# Graham's or Dow's port?



## Schecter30 (Dec 12, 2006)

Which of the three do you think is a better choice? I'd probably like the more full-bodied one but I haven't tried any of them.

Graham's six grapes
Graham's Late bottle vintage 2000
Dow's late bottle vintage 2000


----------



## punch (Mar 5, 2005)

Six Grape is pretty good.


----------



## mosesbotbol (Sep 21, 2005)

None of the 3 are really "full bodied" as that is not a common way to describe port. Out of the 3, the Six Grape is the most grape tasting.

I don't recall what the Graham's LBV tastes like, but it should have more residual sugar than the Dow LBV. The Dow LBV is okay; none of the 3 are anything to write home about.

I would put the Six Grape on the bottom of your selections.

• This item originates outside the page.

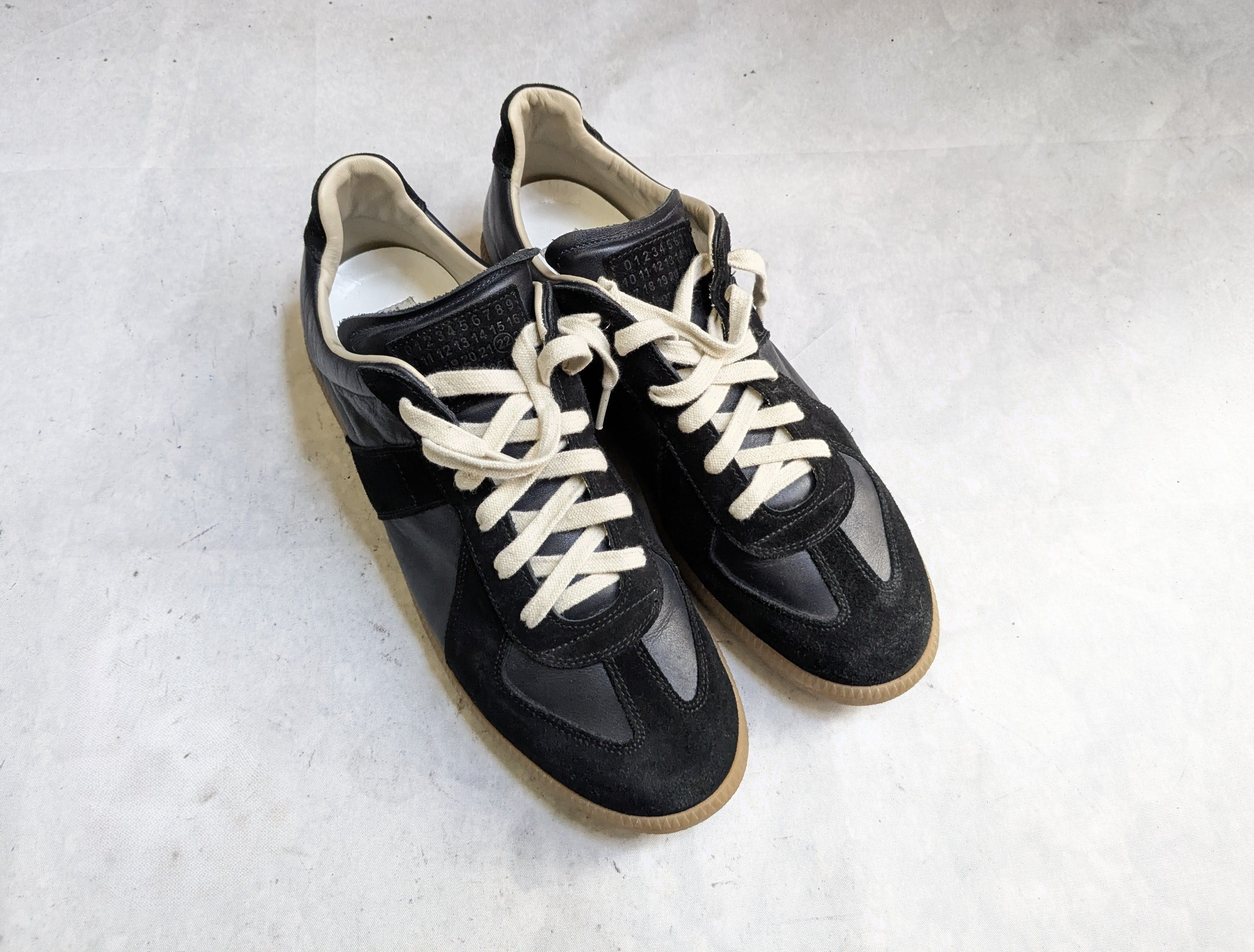 Maison Margiela Maison Margiela Replica GAT Black Navy Blue 11 44 Gum Size US 11 / EU 44 - 4 Thumbnail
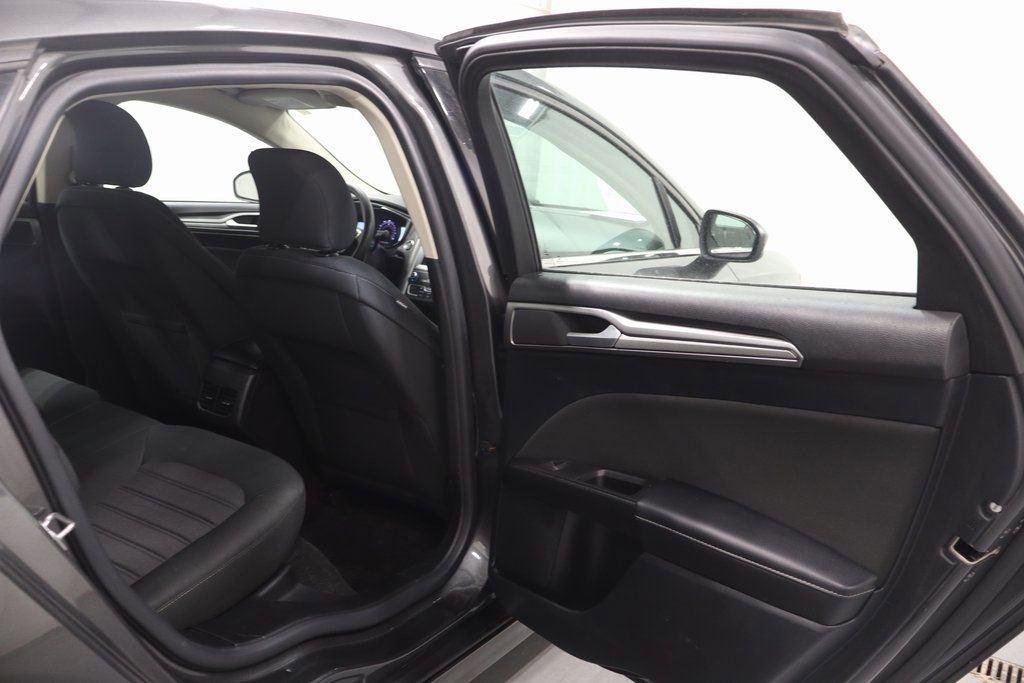 Used 2019 Ford Fusion SE image 16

At the price point you are looking at, try to find a Ramos Pinto LBV, Niepoort LBV, or Warre LBV.

Either way, leave the cork off of the bottle for 24 hours before serving and serve at 60 degrees.


----------



## Andyman (Jun 8, 2004)

I have had the Grahams LBV 96 - it was fantastic.. For what it's worth, it was certainly less sweet than the 94 fonseca


----------



## Beagle Boy (Jul 26, 2006)

Have you looked at trying Tawny rather than Ruby?


----------